Donald felt pitted and pendulumed in the vacant apt. Almost, he could have welcomed the return of Victoria and the need to act as though nothing had happened until Norman programmed the law to pick her up.

He dialled for a meal from the block kitchens, but between ordering it and its arrival his appetite seemed to be eroded by apathy. He put on a recent record he had bought and sat down to watch the play of colour on the screen which matched the music; it had hardly begun before he was on his feet again and tramping restlessly about. None of the TV channels which he checked offered a programme to interest him. A day or two before someone had persuaded him to get a polyforming kit. He opened its box and considered starting a copy of Rodin’s Kiss, but halted his hand in mid-movement and let the lid fall shut again.

Furious with himself, he stared out the window. The Manhattan-pattern was at its most brilliant at this time of the evening—an Aladdin’s Cave of multicoloured lights, gorgeous as the stars at the centre of the galaxy.

Out there: all those millions of people … Like looking up at the sky and wondering which of those suns shine on beings like ourselves. Christ: when did I last look up at the night sky?

He was suddenly appalled. These days, a great many people never left their homes at night except for some specific purpose, when they could call a cab to the door and expose themselves for no longer than it took to cross a sidewalk. It wasn’t inevitably dangerous to wander the night streets of the city—the hundreds of thousands who did still do so were proof enough of that. In a country of four hundred millions there were two or three muckers per day, yet some people acted as though they couldn’t get past the next corner without being attacked. There were rollings, robberies and rumbles; there were even riots.

But there must still be room, surely, for an ordinary person to go about ordinary business?

The habit had settled on Donald’s mind unnoticed, like gradually thickening fog. He had stopped going out after six or seven in the evening for the mere sake of not being at home. Most weekends there was a party; between times, friends of Norman’s called or they were invited to join someone for dinner, or a concert, or a freevent. And the cab that came to fetch them was driven by a man or a woman secure behind armoured glass, its doors could only be opened from the dashboard, and affixed to the neat little nozzle of the air-conditioning system was a certificate stating that the sleepy-gas cylinders had been approved by the City Licensing Authority. For all its smoothness and fuel-cell silence, it was like a tank, and encouraged the feeling that one was venturing on to a battlefield.

What do I know any longer about my fellow human beings?

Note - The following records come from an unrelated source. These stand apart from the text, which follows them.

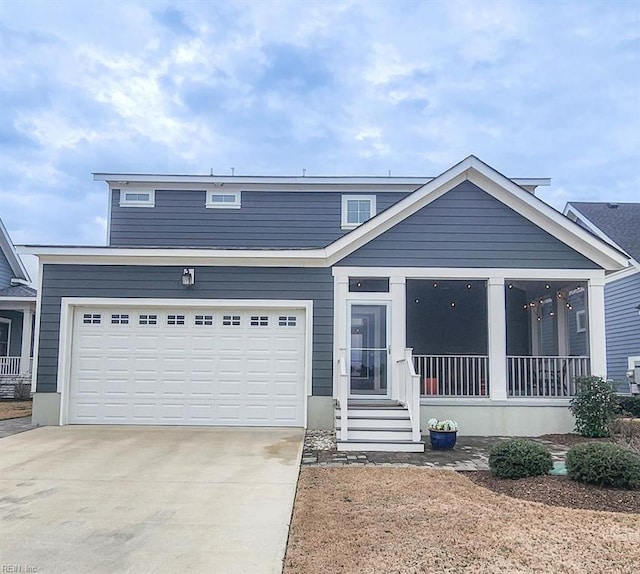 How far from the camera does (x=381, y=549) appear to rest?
407 centimetres

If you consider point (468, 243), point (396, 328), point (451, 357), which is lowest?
point (451, 357)

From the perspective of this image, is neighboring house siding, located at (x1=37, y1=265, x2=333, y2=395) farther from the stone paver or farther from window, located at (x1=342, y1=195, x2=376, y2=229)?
window, located at (x1=342, y1=195, x2=376, y2=229)

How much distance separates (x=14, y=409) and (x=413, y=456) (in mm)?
10219

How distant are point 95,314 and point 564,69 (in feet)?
51.1

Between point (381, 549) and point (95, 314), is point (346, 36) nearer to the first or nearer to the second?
point (95, 314)

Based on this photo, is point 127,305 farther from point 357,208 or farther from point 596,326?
point 596,326

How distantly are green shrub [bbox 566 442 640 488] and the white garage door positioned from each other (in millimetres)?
5457

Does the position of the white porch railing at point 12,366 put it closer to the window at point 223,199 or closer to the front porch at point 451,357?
the window at point 223,199

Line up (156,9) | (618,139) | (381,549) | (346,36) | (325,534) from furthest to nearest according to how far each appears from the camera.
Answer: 1. (618,139)
2. (346,36)
3. (156,9)
4. (325,534)
5. (381,549)

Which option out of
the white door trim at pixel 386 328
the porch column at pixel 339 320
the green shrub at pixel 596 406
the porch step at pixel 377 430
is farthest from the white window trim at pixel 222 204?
the green shrub at pixel 596 406

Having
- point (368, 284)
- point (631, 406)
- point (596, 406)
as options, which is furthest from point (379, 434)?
point (631, 406)

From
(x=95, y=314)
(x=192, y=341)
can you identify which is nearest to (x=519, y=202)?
(x=192, y=341)

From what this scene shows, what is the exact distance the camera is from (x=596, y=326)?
1041 centimetres

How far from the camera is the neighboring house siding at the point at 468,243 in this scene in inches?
413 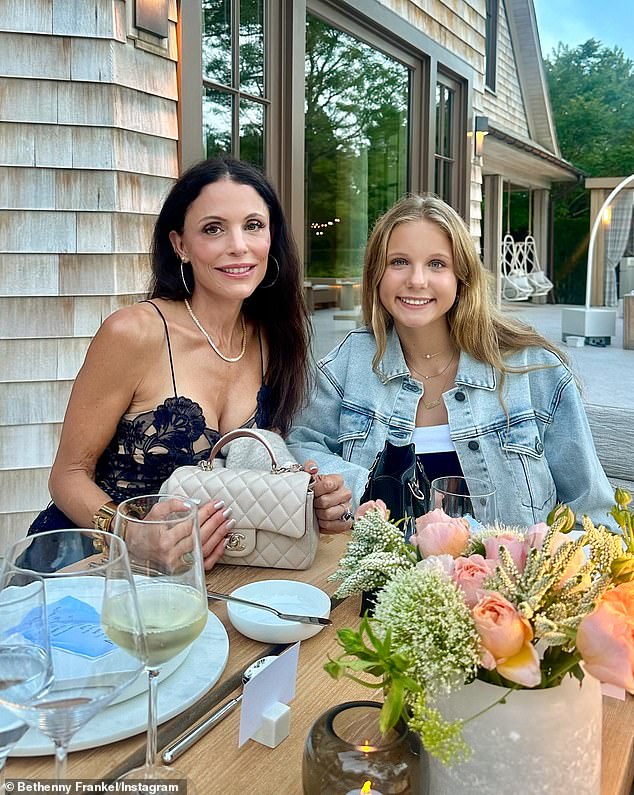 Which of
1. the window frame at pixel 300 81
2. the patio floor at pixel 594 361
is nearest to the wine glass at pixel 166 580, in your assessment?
the patio floor at pixel 594 361

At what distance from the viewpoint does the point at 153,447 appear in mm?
1800

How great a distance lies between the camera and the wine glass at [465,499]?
1.03 m

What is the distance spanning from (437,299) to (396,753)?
1443 millimetres

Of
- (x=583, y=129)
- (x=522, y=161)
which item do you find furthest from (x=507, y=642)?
(x=583, y=129)

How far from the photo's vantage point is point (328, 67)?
4.48 metres

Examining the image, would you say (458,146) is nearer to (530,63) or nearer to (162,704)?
(162,704)

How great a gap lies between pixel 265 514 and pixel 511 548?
2.17 feet

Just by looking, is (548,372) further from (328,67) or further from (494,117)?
(494,117)

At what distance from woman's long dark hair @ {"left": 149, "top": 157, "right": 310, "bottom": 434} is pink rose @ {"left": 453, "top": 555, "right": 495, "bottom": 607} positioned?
1.33m

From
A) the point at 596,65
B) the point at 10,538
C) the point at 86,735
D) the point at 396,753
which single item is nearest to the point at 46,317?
the point at 10,538

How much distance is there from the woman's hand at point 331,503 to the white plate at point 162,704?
39cm

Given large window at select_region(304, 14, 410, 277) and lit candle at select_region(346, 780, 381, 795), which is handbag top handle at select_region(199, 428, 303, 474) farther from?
large window at select_region(304, 14, 410, 277)

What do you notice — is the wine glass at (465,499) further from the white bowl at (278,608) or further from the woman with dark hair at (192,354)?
the woman with dark hair at (192,354)

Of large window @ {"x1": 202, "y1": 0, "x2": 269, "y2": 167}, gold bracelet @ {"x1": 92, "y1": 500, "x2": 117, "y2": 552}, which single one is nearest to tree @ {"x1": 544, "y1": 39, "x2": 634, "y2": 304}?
large window @ {"x1": 202, "y1": 0, "x2": 269, "y2": 167} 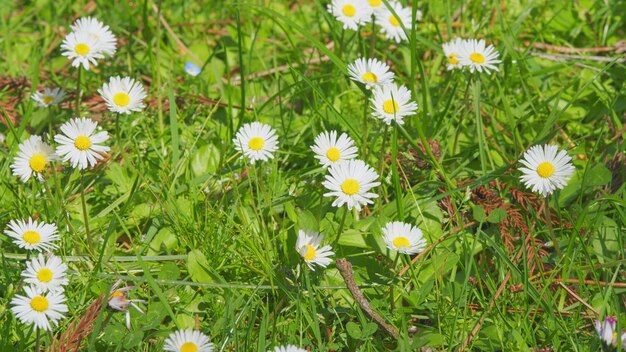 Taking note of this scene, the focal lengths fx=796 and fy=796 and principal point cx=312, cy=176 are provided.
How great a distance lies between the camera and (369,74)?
2768 mm

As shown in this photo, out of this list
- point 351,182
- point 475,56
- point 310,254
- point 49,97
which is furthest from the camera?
point 49,97

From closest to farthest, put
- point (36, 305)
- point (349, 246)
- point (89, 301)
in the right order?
point (36, 305)
point (89, 301)
point (349, 246)

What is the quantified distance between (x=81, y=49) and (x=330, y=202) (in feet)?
3.30

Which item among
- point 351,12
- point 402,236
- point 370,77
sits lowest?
point 402,236

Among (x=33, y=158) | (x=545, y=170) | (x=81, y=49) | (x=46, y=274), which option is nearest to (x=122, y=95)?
(x=81, y=49)

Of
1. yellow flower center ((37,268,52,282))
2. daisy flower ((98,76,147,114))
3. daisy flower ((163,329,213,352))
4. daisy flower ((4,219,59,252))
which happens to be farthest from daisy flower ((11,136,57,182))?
daisy flower ((163,329,213,352))

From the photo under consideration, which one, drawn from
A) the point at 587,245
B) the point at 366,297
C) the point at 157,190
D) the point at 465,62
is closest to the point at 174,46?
the point at 157,190

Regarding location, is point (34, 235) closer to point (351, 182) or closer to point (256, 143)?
point (256, 143)

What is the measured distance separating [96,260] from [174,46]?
1.42 meters

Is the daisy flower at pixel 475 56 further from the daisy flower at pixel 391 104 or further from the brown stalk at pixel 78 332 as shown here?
the brown stalk at pixel 78 332

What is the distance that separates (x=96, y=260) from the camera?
8.29 ft

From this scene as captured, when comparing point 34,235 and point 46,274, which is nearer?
point 46,274

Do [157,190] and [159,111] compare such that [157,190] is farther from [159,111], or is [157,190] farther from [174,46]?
[174,46]

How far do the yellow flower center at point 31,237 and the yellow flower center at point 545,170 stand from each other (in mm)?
1530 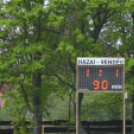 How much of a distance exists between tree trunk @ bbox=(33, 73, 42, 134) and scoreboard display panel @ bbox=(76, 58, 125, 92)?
6029mm

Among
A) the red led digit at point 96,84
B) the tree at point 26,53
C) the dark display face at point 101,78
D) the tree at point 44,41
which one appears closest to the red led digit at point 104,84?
the dark display face at point 101,78

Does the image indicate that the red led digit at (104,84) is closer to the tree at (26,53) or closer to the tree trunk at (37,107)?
the tree at (26,53)

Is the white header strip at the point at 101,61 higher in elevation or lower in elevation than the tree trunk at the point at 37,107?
higher

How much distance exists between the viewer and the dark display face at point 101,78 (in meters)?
15.1

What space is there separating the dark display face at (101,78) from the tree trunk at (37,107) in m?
6.02

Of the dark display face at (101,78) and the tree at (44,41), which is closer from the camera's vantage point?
the dark display face at (101,78)

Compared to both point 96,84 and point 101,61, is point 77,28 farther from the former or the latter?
point 96,84

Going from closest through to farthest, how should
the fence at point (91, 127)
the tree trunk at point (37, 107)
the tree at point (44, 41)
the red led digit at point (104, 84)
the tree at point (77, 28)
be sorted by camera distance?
the red led digit at point (104, 84), the tree at point (77, 28), the tree at point (44, 41), the tree trunk at point (37, 107), the fence at point (91, 127)

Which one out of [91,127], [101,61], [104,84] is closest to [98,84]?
[104,84]

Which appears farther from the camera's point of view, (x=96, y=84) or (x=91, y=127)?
(x=91, y=127)

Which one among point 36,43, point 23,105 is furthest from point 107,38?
point 23,105

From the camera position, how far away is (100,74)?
49.8 feet

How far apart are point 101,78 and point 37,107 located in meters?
6.77

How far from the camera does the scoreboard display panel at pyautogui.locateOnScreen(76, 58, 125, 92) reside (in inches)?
595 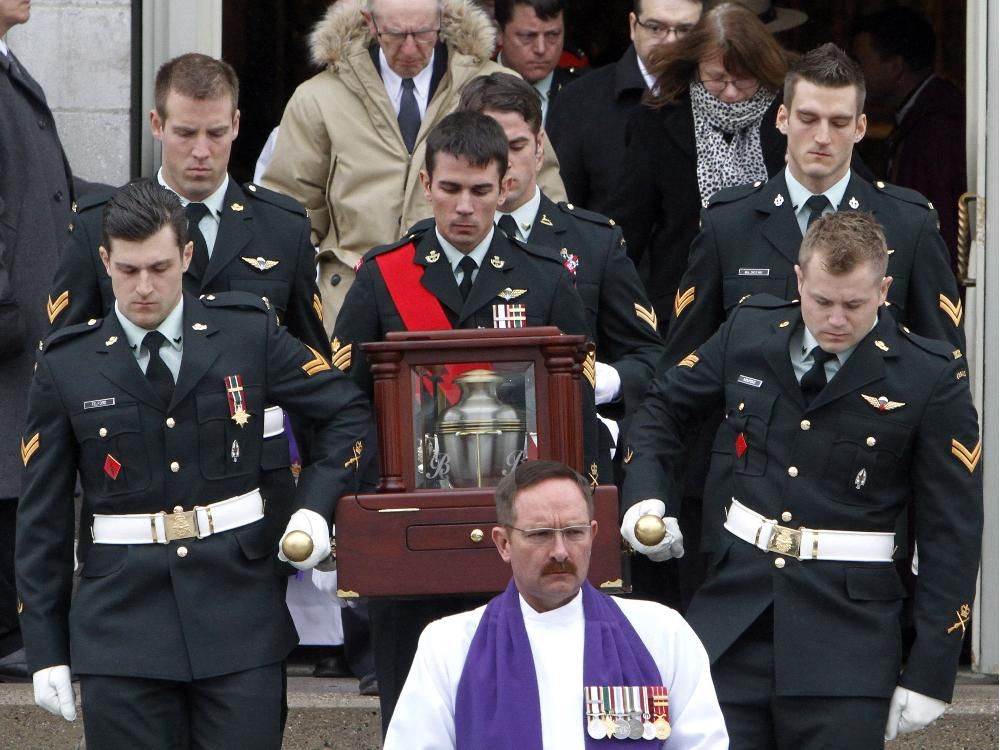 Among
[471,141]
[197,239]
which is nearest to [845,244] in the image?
[471,141]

He sensed a recurrence of his panic at lunchtime, and a desperate need to talk to someone to prove that there really were other people in the world, not just puppets on intangible strings. He approached the phone. But that wouldn’t do—just conversing with an image on a screen. He wanted to see and hear strangers, to be reassured of their independence from himself.

Breathing hard, he made for the apartment door. At the threshold he checked and returned to his bedroom, to tug open a drawer at the bottom of the built-in closet. Under a pile of disposable paper shirts he found what he was looking for: a Jettigun, the cartridge-charged gas-pistol marketed by GT under licence from Japanese Industries of Tokyo, and a Karatand.